A4 Vertaisarvioitu artikkeli konferenssijulkaisussa
ARVo: Learning All-Range Volumetric Correspondence for Video Deblurring
Tekijät: Li Dongxu, Xu Chenchen, Zhang Kaihao, Yu Xin, Zhong Yiran, Ren Wenqi, Suominen Hanna, Li Hongdong
Konferenssin vakiintunut nimi: IEEE Computer Society Conference on Computer Vision and Pattern Recognition
Julkaisuvuosi: 2021
Journal: IEEE Computer Society Conference on Computer Vision and Pattern Recognition
Kokoomateoksen nimi: 2021 IEEE/CVF Conference on Computer Vision and Pattern Recognition (CVPR)
Tietokannassa oleva lehden nimi: 2021 IEEE/CVF CONFERENCE ON COMPUTER VISION AND PATTERN RECOGNITION, CVPR 2021
Lehden akronyymi: PROC CVPR IEEE
Aloitussivu: 7717
Lopetussivu: 7727
Sivujen määrä: 11
ISSN: 1063-6919
DOI: https://doi.org/10.1109/CVPR46437.2021.00763
Video deblurring models exploit consecutive frames to remove blurs from camera shakes and object motions. In order to utilize neighboring sharp patches, typical methods rely mainly on homography or optical flows to spatially align neighboring blurry frames. However, such explicit approaches are less effective in the presence of fast motions with large pixel displacements. In this work, we propose a novel implicit method to learn spatial correspondence among blurry frames in the feature space. To construct distant pixel correspondences, our model builds a correlation volume pyramid among all the pixel-pairs between neighboring frames.
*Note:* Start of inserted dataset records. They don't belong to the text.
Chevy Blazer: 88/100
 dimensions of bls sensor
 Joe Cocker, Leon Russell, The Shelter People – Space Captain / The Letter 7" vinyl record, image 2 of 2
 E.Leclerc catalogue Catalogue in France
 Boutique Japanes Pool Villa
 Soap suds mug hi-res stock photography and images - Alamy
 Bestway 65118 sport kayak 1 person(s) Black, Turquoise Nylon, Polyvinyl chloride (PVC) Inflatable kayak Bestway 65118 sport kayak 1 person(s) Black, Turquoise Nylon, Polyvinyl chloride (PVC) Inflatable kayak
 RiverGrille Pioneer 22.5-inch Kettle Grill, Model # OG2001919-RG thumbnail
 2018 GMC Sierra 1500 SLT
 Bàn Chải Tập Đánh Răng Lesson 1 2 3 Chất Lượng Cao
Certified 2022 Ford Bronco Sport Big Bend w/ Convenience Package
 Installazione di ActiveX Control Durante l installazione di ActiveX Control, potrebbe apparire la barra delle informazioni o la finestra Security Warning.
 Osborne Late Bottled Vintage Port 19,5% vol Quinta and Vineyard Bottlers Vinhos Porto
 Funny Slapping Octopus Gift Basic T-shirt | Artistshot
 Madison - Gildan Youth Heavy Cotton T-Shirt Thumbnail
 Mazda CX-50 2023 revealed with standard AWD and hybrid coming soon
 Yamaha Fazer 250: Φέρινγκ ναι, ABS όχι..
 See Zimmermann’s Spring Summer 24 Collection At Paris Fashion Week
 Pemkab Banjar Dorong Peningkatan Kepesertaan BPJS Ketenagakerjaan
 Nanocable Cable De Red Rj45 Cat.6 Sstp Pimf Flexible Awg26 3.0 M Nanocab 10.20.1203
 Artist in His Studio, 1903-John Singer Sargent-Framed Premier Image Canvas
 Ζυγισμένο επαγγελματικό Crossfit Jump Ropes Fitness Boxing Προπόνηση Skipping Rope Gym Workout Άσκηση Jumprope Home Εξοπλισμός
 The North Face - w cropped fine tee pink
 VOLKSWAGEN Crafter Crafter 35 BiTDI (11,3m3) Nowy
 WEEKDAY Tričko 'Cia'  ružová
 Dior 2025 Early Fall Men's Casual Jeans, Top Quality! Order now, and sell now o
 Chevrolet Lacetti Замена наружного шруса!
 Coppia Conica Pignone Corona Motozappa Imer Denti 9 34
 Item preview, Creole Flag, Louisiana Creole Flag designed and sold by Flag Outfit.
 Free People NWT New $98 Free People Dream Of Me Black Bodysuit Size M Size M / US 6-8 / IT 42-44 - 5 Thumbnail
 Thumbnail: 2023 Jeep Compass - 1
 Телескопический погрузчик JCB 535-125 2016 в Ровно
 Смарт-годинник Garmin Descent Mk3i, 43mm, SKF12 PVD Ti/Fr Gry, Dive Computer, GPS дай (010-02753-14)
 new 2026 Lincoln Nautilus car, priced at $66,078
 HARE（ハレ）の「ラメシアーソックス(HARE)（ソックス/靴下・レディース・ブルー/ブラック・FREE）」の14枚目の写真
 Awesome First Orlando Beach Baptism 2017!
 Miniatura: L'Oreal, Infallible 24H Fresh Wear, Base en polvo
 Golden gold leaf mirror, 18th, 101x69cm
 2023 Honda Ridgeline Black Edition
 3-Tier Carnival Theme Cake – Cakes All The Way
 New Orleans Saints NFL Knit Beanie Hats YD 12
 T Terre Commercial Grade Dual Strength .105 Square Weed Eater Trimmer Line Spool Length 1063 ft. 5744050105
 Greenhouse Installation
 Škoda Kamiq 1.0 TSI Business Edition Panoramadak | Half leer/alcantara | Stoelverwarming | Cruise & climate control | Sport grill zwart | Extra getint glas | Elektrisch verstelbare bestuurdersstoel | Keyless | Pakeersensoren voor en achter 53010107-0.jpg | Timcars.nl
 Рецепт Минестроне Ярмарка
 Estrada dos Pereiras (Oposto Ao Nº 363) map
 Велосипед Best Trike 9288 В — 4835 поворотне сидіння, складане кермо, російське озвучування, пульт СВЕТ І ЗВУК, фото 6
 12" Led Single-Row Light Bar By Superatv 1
To enhance the features of the reference frame, we design a correlative aggregation module that maximizes the pixel-pair correlations with its neighbors based on the volume pyramid. Finally, we feed the aggregated features into a reconstruction module to obtain the restored frame. We design a generative adversarial paradigm to optimize the model progressively. Our proposed method is evaluated on the widely-adopted DVD dataset, along with a newly collected High-Frame-Rate (1000 fps) Dataset for Video Deblurring (HFR-DVD). Quantitative and qualitative experiments show that our model performs favorably on both datasets against previous state-of-the-art methods, confirming the benefit of modeling all-range spatial correspondence for video deblurring.